Lamartine s'étend sur la nature défensive de l'armée et sur sa composition, puis s'attaque vivement aux erreurs et errances de la monarchie de droit divin. «Louis XIV promenait ses favorites affichées dans le char royal jusques devant le front de ses armées. Le Régent a laissé le nom de Régence pour synonyme à une orgien de gouvernement. Louis XV n'a laissé pour dates à son long règne que les changements de ses maîtresses. Les grandes vertus éclataient dans les cours, mais les grands scandales y pervertissaient de plus haut les moeurs de la nation. La république a trouvé un meilleur moyen de suprimer ces compétitions du pouvoir suprême, c'est de suprimer ce pouvoir suprême, et de crééer des magistrats de l'autorité à la place de ces possesseurs de l'autorité»... Il voudrait un gouvernement démocratique élastique, et il voit dans le suffrage universel et dans le droit reconnu de tous, une source non seulement de force mais de douceur : «les hommes sérieux sourient quand ils voient les esprits faibles s'allarmer de tel conciliabule impérialiste à Paris, de tel congrès d'Orléanistes à Claremont, de tel cénacle pieux de légitimistes fidèles à la tradition, à l'exil et à la religion de leur père à Wisbaden ! de telle réunion de secte socialiste autour de tel ou tel oracle ici ou là, de telle concentration de républicanisme dictatorial, à contresens de la France et du tems [...]. Laquelle a une arme ? C'est-à-dire un principe à opposer au sufrage universel ?»...
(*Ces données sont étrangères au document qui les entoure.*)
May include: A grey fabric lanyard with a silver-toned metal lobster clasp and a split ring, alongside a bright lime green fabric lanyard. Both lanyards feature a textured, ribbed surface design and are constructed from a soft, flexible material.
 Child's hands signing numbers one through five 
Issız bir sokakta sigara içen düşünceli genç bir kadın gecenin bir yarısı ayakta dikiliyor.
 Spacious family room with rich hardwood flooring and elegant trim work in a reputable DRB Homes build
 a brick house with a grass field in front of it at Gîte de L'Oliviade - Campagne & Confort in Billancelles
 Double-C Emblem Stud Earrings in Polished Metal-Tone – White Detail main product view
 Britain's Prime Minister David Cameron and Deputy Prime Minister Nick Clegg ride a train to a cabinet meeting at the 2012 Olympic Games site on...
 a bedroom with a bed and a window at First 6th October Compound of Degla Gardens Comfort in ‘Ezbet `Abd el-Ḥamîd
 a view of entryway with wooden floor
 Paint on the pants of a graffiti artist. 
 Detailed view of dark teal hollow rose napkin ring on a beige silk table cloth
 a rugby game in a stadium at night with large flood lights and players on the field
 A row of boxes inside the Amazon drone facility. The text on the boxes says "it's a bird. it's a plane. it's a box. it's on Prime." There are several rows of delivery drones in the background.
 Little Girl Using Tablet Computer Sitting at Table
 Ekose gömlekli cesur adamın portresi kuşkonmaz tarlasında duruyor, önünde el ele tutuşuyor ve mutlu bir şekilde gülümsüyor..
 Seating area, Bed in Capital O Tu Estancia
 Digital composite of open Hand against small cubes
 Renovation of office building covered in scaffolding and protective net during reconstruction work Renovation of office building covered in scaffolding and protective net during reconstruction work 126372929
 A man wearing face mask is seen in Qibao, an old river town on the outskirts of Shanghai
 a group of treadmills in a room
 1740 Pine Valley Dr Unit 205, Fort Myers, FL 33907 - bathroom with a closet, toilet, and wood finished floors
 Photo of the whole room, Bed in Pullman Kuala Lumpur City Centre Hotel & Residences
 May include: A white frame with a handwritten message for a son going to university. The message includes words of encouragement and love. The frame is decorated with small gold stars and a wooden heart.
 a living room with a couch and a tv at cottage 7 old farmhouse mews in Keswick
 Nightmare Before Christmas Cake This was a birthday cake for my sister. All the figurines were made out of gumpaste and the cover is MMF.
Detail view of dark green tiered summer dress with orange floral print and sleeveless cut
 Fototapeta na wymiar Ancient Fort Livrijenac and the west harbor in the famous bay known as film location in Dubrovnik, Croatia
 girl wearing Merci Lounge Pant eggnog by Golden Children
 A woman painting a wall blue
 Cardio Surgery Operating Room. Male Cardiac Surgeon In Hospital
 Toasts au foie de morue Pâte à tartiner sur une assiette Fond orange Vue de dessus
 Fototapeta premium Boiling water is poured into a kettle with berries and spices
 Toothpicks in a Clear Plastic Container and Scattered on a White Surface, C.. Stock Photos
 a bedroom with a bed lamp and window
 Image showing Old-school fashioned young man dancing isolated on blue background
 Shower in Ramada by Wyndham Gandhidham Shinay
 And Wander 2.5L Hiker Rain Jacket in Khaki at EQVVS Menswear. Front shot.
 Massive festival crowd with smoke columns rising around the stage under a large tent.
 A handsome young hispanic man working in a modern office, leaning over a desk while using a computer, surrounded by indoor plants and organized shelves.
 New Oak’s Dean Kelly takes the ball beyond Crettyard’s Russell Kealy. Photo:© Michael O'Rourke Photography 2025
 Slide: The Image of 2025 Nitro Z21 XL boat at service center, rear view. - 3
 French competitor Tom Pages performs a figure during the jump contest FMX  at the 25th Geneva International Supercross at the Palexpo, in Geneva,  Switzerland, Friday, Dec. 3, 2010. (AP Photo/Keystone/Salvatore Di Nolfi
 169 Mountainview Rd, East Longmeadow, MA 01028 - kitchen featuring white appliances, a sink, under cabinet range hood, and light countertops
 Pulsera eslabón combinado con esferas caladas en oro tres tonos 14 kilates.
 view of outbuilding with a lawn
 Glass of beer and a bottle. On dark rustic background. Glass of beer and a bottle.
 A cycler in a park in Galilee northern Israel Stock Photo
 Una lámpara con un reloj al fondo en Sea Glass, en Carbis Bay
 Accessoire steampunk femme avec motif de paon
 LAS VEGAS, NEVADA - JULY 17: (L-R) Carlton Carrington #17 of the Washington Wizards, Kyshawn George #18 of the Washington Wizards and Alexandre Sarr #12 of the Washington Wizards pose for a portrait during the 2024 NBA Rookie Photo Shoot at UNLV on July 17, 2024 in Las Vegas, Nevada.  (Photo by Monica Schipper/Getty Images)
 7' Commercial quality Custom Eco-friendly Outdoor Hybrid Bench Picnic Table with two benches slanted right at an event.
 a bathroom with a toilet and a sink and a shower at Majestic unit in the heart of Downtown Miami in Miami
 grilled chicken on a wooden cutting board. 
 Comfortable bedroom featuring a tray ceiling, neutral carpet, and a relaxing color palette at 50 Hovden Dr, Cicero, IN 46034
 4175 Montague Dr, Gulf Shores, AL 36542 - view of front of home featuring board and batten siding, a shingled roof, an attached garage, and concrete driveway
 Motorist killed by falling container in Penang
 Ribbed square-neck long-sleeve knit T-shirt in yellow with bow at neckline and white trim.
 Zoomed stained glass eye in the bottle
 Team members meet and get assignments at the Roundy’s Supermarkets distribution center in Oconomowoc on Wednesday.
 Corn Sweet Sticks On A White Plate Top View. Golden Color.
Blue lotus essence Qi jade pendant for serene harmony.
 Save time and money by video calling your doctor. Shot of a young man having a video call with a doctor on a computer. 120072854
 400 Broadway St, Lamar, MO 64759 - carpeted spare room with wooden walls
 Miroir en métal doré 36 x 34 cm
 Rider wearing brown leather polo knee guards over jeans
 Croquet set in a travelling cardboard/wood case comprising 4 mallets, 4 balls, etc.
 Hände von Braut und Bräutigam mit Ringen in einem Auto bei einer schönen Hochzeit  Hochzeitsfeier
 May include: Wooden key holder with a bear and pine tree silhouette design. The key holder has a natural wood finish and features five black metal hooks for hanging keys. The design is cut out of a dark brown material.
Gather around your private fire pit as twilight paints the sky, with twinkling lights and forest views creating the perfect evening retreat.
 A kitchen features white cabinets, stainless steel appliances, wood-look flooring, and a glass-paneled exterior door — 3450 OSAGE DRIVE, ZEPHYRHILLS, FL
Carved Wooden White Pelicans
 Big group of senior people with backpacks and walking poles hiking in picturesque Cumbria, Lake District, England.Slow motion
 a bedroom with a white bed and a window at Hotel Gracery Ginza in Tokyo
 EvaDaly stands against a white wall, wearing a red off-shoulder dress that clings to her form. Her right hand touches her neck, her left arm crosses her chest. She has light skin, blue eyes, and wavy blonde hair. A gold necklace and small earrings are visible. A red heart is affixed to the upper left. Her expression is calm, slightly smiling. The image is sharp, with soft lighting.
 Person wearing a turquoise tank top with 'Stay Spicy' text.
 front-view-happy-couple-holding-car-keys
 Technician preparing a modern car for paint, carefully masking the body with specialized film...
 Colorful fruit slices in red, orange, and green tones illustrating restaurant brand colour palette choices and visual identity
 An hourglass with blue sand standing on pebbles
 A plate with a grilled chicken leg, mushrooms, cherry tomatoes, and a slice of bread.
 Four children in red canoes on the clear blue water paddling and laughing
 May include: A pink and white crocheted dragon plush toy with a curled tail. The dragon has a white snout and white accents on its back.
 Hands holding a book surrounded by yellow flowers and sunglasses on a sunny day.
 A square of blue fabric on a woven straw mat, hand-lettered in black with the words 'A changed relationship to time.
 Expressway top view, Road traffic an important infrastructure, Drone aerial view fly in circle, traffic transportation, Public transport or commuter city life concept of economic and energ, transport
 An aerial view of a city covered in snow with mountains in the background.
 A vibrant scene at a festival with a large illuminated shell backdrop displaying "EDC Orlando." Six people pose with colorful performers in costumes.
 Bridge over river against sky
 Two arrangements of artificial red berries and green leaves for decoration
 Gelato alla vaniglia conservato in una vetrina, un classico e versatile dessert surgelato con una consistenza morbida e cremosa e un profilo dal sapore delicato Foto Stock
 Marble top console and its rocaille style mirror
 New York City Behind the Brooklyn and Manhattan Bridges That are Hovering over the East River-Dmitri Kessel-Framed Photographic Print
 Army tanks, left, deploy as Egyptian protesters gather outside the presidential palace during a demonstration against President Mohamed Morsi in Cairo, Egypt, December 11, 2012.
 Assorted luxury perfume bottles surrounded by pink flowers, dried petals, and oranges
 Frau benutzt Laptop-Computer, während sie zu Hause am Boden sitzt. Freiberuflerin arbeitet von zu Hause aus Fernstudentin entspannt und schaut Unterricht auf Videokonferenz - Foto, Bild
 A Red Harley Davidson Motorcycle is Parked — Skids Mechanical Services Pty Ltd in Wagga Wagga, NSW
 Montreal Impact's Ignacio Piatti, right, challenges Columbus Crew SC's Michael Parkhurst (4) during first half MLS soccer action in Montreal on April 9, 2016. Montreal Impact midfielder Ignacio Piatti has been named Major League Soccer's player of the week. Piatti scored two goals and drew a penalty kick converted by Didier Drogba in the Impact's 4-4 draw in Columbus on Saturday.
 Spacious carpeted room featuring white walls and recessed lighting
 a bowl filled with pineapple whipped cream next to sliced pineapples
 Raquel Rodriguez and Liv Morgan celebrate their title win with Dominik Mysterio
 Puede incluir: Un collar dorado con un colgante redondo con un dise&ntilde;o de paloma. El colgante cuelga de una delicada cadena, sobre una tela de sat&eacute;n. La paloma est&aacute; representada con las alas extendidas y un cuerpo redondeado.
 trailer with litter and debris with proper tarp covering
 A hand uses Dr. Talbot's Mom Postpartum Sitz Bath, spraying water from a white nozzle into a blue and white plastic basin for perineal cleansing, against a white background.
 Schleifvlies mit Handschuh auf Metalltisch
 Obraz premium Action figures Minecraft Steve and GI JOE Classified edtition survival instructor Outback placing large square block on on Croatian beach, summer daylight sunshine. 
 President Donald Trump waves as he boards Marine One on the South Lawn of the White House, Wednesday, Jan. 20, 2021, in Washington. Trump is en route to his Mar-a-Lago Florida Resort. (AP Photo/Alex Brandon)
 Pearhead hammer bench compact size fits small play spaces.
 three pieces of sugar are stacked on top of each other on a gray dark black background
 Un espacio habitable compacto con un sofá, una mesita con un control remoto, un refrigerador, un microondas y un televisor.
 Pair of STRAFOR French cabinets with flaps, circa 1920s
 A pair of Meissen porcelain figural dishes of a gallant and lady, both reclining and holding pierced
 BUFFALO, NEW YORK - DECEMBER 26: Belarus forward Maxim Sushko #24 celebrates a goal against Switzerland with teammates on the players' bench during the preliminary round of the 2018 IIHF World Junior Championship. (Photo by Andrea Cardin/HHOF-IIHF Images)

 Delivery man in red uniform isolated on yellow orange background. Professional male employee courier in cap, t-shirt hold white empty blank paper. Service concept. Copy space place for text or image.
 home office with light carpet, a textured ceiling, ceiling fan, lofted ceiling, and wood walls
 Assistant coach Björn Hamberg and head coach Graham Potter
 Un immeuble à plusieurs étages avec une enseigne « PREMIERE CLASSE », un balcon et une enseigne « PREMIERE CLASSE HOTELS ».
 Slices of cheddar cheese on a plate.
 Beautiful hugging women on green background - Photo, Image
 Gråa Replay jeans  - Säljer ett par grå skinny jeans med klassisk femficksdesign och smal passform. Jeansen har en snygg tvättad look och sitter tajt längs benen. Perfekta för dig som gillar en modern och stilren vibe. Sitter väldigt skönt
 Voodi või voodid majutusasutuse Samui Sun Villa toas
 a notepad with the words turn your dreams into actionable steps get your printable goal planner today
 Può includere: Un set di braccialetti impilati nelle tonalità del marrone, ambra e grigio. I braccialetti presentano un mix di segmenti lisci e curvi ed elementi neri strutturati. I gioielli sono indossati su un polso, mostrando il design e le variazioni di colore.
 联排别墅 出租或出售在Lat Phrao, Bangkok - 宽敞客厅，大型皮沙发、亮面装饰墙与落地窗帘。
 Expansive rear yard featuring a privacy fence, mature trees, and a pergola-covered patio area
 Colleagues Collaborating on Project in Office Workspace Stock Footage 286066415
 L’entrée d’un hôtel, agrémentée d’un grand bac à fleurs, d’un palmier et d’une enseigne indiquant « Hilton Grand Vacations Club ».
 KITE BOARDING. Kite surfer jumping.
La république moderne ne craindra pas les dynasties déchues. «Tout gouvernement où il y a un proscrit est un gouvernement menaé. Il n'y a de fort que ce qui regarde face à face le principe contraire. Le sufrage universel peut-il regarder en face la colombe miraculeuse de St Rémi au 19ème siècle ? Voilà la question. Ainsi toutes les libertés qui peuvent s'exercer en ordre, voilà la formule de la république moderne»...

PROVENANCE :
• Anciennes collections Louis BARTHOU (I, 404, ex-libris),
puis
• DU BOURG DE BOZAS CHAIX D'EST-ANGE (196, ex-libris).